The meat had been slowly boiled, the chiles cooked and seasoned. The cornhusks were soaked in warm water, the rough leaves giving way to soft and translucent wrappers.
Now Leovijilda Cortez and two of her daughters began the rhythmic slapping, spreading and folding of tamale-making, gestures that came to them with effortless familiarity.
Their job: to prepare almost 400 tamales that will be the main course today for the 40 or so relatives gathered in Montebello to celebrate the holiday.
The small apartment already looked ready for Christmas. Fanciful paper candy canes decorated the walls. Several packages’wrapped in blue paper sat under a tree loaded with fake sparkling snow.
But in this household and innumerable others, the real Christmas preparation comes down to the cooking of tamales, a culinary custom for La Navidad.
“It’s the tradition,” said Maria Soto, Cortez’s oldest daughter. “When it’s Christmastime, there’s always tamales.”
This family’s tamale tradition dates back generations to the city of Tepic, Mexico, where Cortez learned the recipe as a small girl at her mother’s side.
Back then, the family had no refrigerator, so the women got up at dawn to make tamales. They had to grind the corn for the masa by hand and cook the tamales in pots over a wood stove.

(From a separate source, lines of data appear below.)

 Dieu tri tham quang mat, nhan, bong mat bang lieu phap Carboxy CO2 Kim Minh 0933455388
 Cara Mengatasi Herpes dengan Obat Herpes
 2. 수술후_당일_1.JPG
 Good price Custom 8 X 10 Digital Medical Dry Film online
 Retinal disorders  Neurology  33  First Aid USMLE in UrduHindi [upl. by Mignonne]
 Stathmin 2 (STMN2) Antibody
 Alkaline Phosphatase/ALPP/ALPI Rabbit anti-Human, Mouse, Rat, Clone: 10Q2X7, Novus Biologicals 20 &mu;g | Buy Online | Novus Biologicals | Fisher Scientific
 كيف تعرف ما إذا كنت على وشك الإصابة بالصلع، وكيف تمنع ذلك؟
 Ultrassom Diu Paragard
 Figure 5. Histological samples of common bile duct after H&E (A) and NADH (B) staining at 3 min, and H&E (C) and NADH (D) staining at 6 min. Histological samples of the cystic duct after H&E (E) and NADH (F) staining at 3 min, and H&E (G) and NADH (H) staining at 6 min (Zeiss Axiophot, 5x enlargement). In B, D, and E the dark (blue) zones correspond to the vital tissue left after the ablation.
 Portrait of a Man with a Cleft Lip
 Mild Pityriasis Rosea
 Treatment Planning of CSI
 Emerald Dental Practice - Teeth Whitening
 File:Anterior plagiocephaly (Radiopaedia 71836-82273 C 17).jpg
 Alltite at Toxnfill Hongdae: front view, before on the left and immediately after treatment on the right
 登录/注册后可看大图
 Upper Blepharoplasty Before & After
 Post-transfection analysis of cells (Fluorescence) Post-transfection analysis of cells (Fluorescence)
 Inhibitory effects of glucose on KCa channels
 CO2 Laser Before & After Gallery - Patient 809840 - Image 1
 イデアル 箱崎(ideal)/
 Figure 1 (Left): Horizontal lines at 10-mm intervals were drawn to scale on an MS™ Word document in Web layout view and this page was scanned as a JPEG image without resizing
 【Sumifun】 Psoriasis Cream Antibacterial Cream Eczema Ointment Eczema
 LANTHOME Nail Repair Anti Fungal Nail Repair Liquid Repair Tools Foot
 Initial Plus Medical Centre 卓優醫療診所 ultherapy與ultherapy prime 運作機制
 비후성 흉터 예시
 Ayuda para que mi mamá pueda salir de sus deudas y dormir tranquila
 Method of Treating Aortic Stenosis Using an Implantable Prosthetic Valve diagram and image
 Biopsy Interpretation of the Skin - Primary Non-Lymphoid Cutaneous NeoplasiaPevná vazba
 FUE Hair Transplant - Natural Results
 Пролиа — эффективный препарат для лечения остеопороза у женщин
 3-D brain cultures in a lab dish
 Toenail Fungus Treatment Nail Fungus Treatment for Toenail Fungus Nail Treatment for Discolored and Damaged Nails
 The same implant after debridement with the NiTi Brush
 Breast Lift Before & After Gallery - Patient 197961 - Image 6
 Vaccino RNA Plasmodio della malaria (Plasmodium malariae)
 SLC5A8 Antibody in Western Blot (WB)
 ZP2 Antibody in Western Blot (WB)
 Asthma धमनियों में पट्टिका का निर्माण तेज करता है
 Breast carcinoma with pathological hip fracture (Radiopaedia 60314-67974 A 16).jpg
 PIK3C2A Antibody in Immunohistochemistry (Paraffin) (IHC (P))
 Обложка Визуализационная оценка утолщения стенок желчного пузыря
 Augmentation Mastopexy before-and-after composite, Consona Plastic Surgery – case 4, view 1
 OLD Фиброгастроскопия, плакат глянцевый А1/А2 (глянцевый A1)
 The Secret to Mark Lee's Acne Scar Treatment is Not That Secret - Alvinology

“This is nothing,” Leovijilda Cortez chuckled, gesturing to the pile of still-empty cornhusks. “It was a lot harder then.” Soto and her youngest sister, Marina Cortez, also learned tamale-making from their mother. Despite decades of practice, they still conferred with her as they bustled around the kitchen.
“She’s the captain!” said Soto, 42, with a laugh. “We do what she says.”
Her mother smiled quietly.
“I learned from the women in my family, and now they’re going to pass it down to their children,” said Cortez, 63. “That’s the way it works.”
The two sisters and their families, who live in the same Montebello apartment complex, are playing holiday hosts for the rest of the family, who live around Southern California.
Several kinds of tamales will emerge from this kitchen before they are through: delicate mild and spicy beef ones. Some with chicken and vegetables, others with cheese and jalapeno peppers. Last of all, they will prepare the sweet tamales laced with pineapples, raisins and cinnamon.
Preparations started the night before. Soto boiled large pieces of beef with chopped onion, garlic and nutmeg for two hours. After that, the soft tender meat fell apart with gentle pulls. Early in the morning, she headed over to the nearby bakery to buy 25 pounds of masa packed into bulging plastic bags.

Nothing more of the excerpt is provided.